The next important hyperparameter is the learning rate, which influences the step size of the optimizer. ParPE allows to choose an initial learning rate, a final learning rate (for the last epoch), and a mode of interpolation between those two. These things can be set via:

  • optimizationOptions.py <name_of_hdf5_input_file.h5> -s minibatch/startLearningRate <floating_point_number>

  • optimizationOptions.py <name_of_hdf5_input_file.h5> -s minibatch/endLearningRate <floating_point_number>

  • optimizationOptions.py <name_of_hdf5_input_file.h5> -s minibatch/learningRateInterpMode <interpolation_mode>, where the interpolation mode can be one out of linear, inverseLinear, and logarithmic, where logarithmic interpolation is the default.

Choosing hyperparameters

The learning rate

The learning rate is a crucial, but complicated hyperparameter: Keep in mind that a good learning rate depends on the optimization algorithm: For vanilla SGD, the learning rate is equal to the step size in parPE, whereas for Adam and RmsProp, the learning rate is multiplied with a more sophisticated parameter update, which has in general a step length larger than 1. Hence, a good learning rate for Vanilla SGD will have larger values than for RmsProp or Adam (at least for the implementation in parPE). For many applications, typical initial optimizer step sizes are often in the range of [0.1, 10]. For high dimensional problems, step sizes are typically larger than for low dimensional ones.

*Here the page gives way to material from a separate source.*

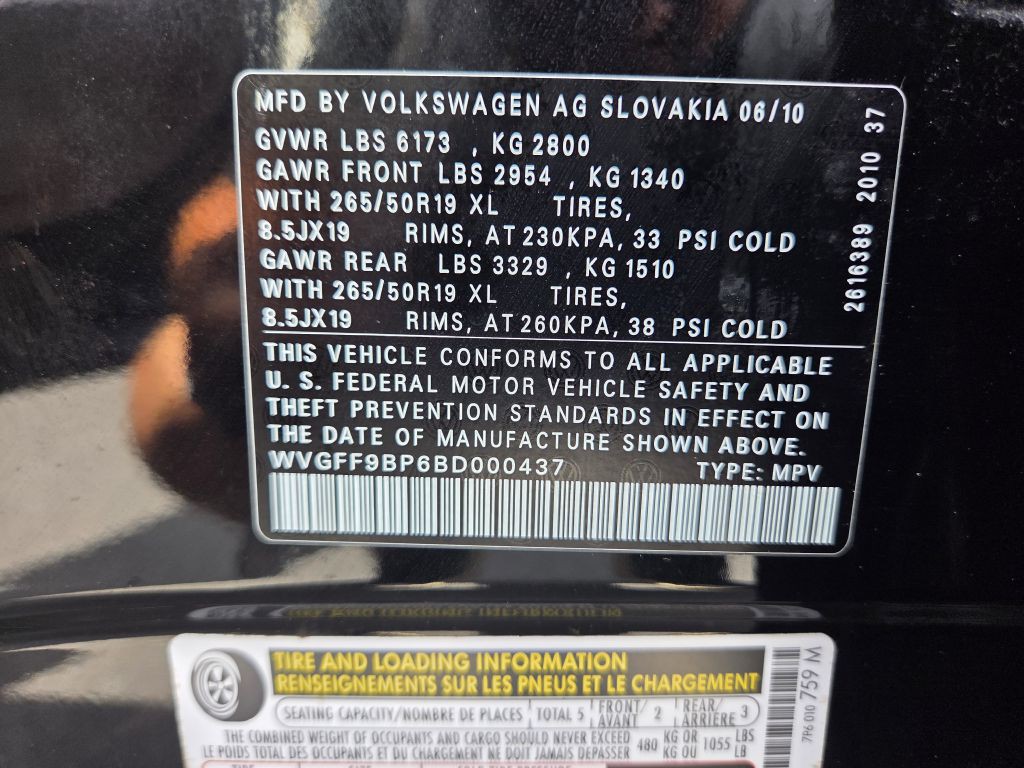 2011 Volkswagen Touareg Image 15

For Adam and RmsProp, the initial parameter update, which gets multiplied with the learning rate, has roughly the size of the square root of the problem dimension. Hence, if the problems has 10.000 free parameters, the initial step size is a 100-fold larger than the learning rate. For RmsProp, the step size behaves similar to the one of Adam, except that the step size is (initially) biased towards 0 and hence smaller (up to at most 1 order of magnitude). For SGD with momentum, step sizes should behave similar to those of vanilla SGD. These things should be considered when choosing a learning rate schedule.

The mini-batch size

In first tests, small mini-batch sizes worked clearly better than large ones. At the moment, there is no way to a priori determine the best mini-batch size, but this hyperparameter must be chosen in some trial-and-error manner. Fur this purpose, it seems reasonable to start with very small mini-batch sizes and then gradually increase them and check how this affects the optimization results.

Reporting of objective function values and gradients: Important differences

As already mentioned, parPE only evaluates the objective function and the gradient on a subset of the data set in each optimization step. Hence, the reported values in the optimization history are only estimates based on the current optimization step and typically highly stochastic. If optimization is finished successfully, the objective function is recomputed once on the whole data set (values stored in the last optimization step), in order to obtain a more reliable final result.

However, it can make sense to post-process the optimization runs when analyzing the optimization result: If a run has finished, the values reported as “finalParameter” should be used. Otherwise, it makes sense to simply extract the last reported parameter vector of the optimization history for a specific local optimization run. These extracted final parameter vectors can then be used to compute the actual objective function value on the whole data set, possibly with hierarchically optimized nuisance parameters, if possible. Such a post-processing step and post-optimization evaluation allows at the moment the best possible insight into the optimization result.